Davanti a una situazione economica difficile, il rischio di prendere scorciatoie è sempre dietro l'angolo. E la filiera del pomodoro trasformato lo sa bene...


Abbiamo visto cosa si cela dietro la corsa al ribasso della passata di pomodoro: caporalato. Prima o poi i costi si scaricheranno sui prezzi finali: chi ha cercato di far pagare alla filiera l'aumento dei costi non potrà permettersi di produrre a lungo sottocosto. A queste condizioni si può giocare una singola partita, non l'intero campionato. E noi vogliamo un campionato con un mercato e consumatori responsabili.

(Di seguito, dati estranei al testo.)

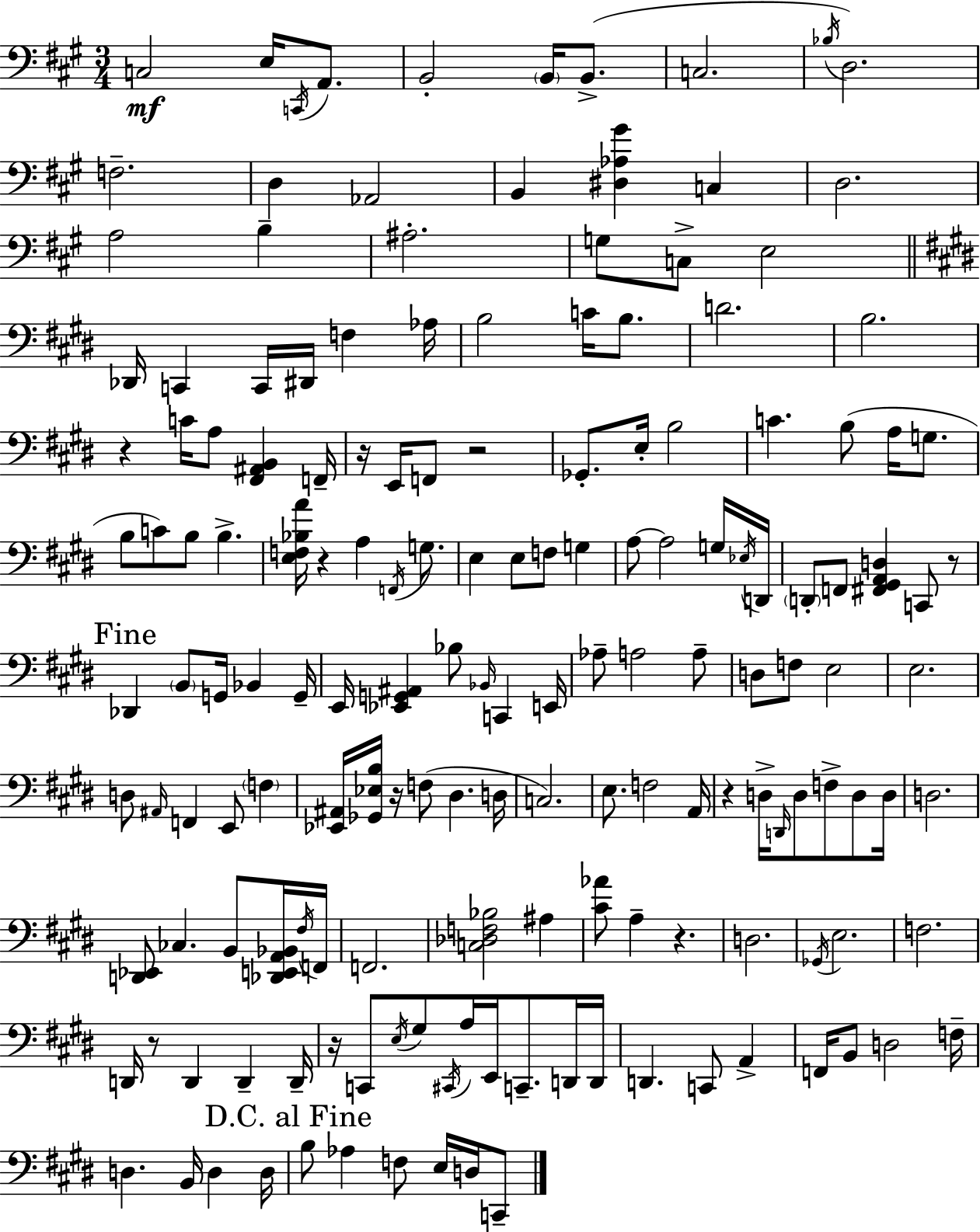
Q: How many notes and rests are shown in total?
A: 162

Sfruttamento del lavoro, caporalato sono fenomeni che anche l'ortofrutta per il mercato del fresco conosce bene. Si certifica la sostenibilità ambientale, ma non credete sia il momento di spingere - anche in comunicazione - su quella sociale?

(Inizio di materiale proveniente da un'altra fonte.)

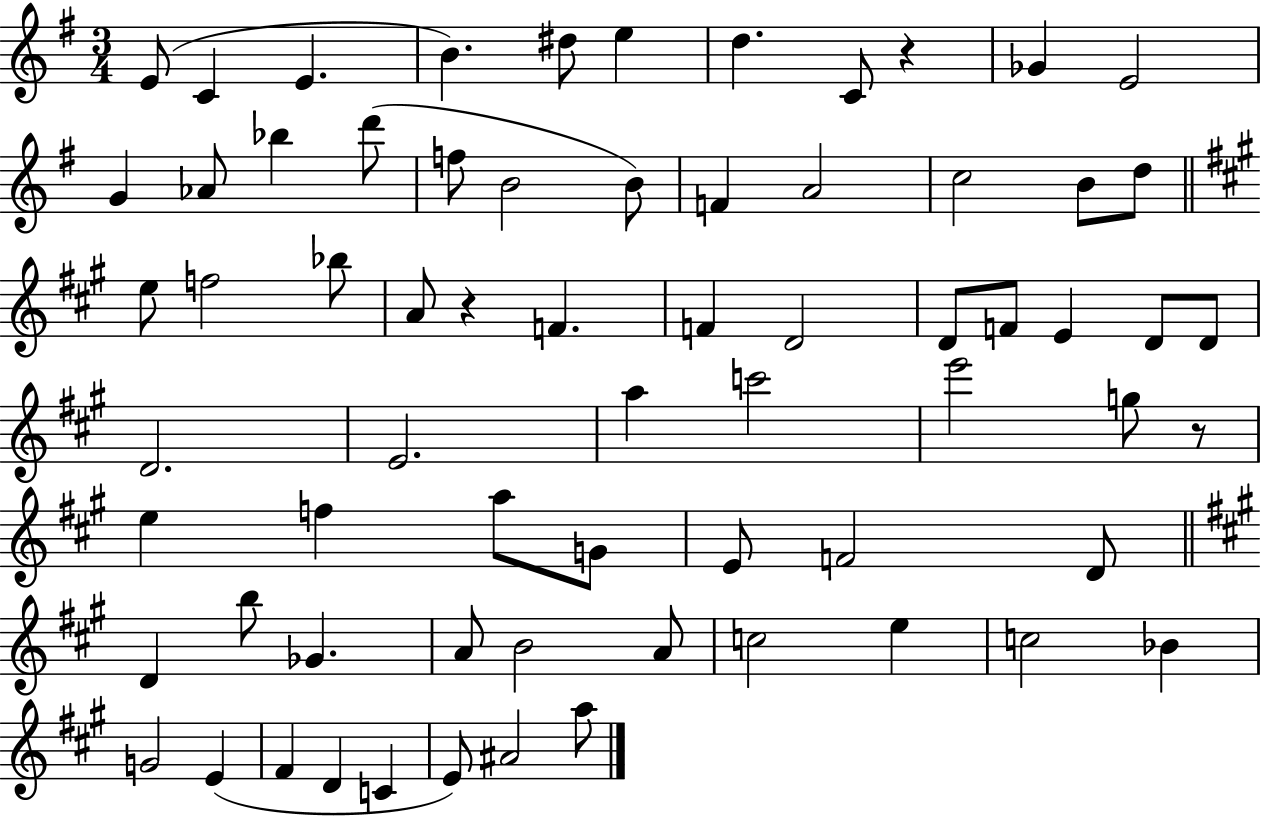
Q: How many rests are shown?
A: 3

L'equazione che sostenibilità significhi prodotto green è molto diffusa. Ma la vera sostenibilità non può prescindere dagli aspetti socio-economici. Adottare comportamenti virtuosi lungo la filiera, dai pannelli fotovoltaici sui capannoni alla piantumazione di aree verdi, senza però toccare la produzione in campo e le condizioni dei lavoratori, lasciatemi dire che è un comportamento strumentale. Basta messaggi ambigui: un prodotto è sostenibile se viene rispettato l'ambiente ma anche le persone e tutte le tematiche sociale. E' parziale impegnarsi per combattere il climate change se poi non si rispettano gli altri criteri fissati dall'Onu.



Torniamo alla Tomato Revolution. Perché lanciarla ora?

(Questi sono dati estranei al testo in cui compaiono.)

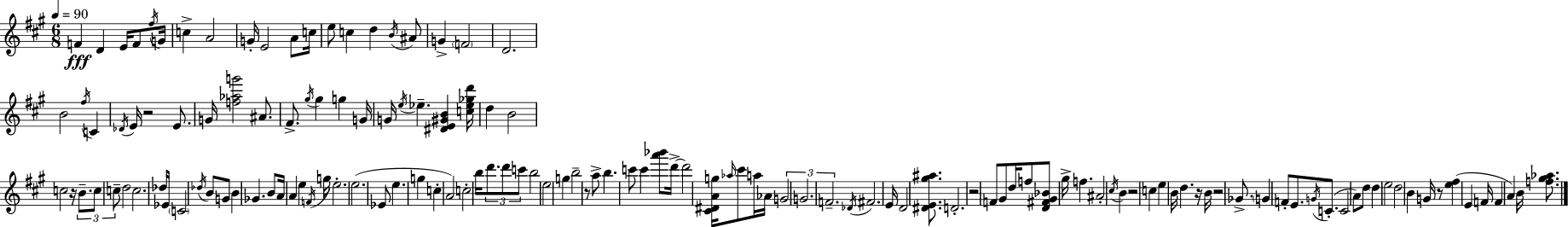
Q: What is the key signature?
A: A major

Vogliamo accompagnare i consumatori, soprattutto nelle nostre botteghe e nelle catene distributive che hanno i nostri prodotti, nel comprendere le dinamiche che ci sono sulla filiera del pomodoro, gli stessi meccanismi che trent'anni fa vedevamo nelle filiere coloniali. Dinamiche ad alto impatto ambientale e basso impatto sociale. Ecco perché vogliamo costruire una filiera alternativa rispettosa di tutti gli anelli. Da questo abbiamo cercato produttori che operassero su terre confiscate alla mafia, in territorio difficili, cercando alternative e dando loro spazi di mercato. Capovolgere la filiera per rivoluzionare il pomodoro.

Può diventare un modello anche per altre filiere?

Di fatto lo è già. Lo stiamo sperimentando anche sul fresco. Insieme ad Esselunga, per esempio, abbiamo un progetto dedicato all'uva da tavola. Stiamo cercando di sviluppare delle filiere mutuando il meccanismo del commercio equo solidale tradizionale sulle filiere italiane. Un altro progetto riguarda l'avocado coltivato in Sicilia. Un modus operandi che contiamo di estenderlo, dando spazi commerciali a soggetti che lavorano con questi valori: dal pomodoro all'olio di oliva, fino alla frutta fresca. Possono essere tutti simboli contro lo sfruttamento sul mercato.